Segment Start: Supplied information
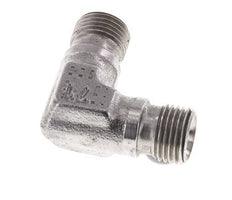 Racor acodado 90deg G1/8'' Acero inoxidable de alta presión Cono 60° 400bar (5620.0psi) Hidráulico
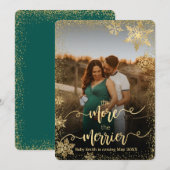 Foto Kerst Zwangerschapsaankondiging Kaarten (Voorkant / Achterkant)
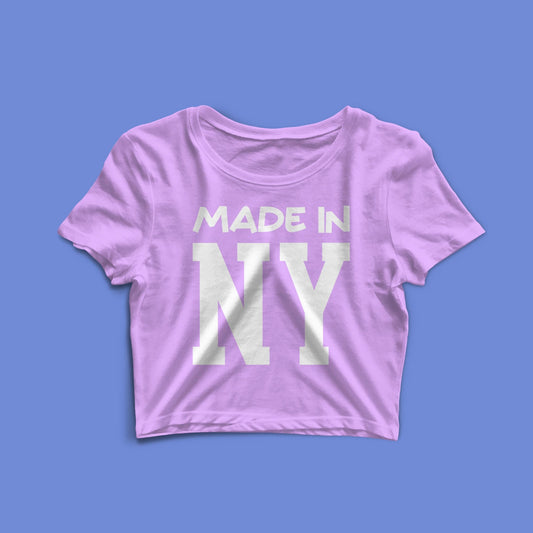 Ecological Crop Top "Made In NY"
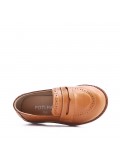 Child's moccasin in faux leather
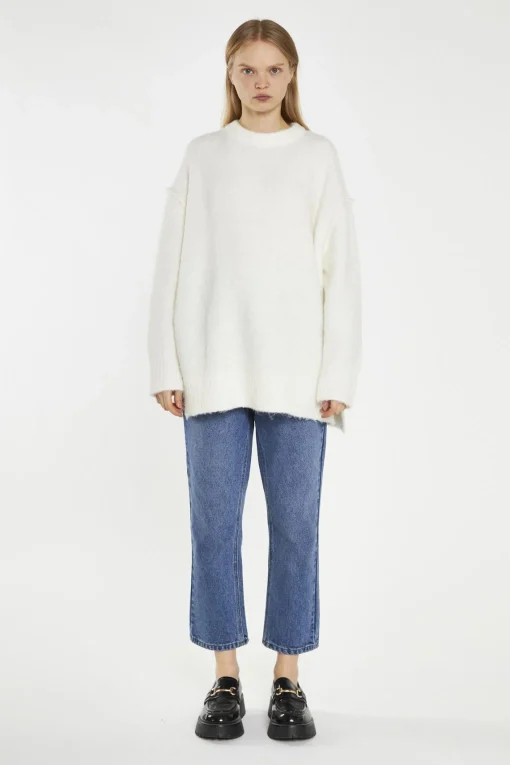 Glamorous Jumpers|Off-White Oversized-Jumper -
Segment End: Supplied information
▸ **Your task**
Only the pictures are to be excluded; all other parts of the records above are to be given exactly.

▸ **Response to the task**
 Racor acodado 90deg G1/8'' Acero inoxidable de alta presión Cono 60° 400bar (5620.0psi) Hidráulico
 Foto Kerst Zwangerschapsaankondiging Kaarten (Voorkant / Achterkant)
 Ecological Crop Top "Made In NY"
 Child's moccasin in faux leather
 Glamorous Jumpers|Off-White Oversized-Jumper -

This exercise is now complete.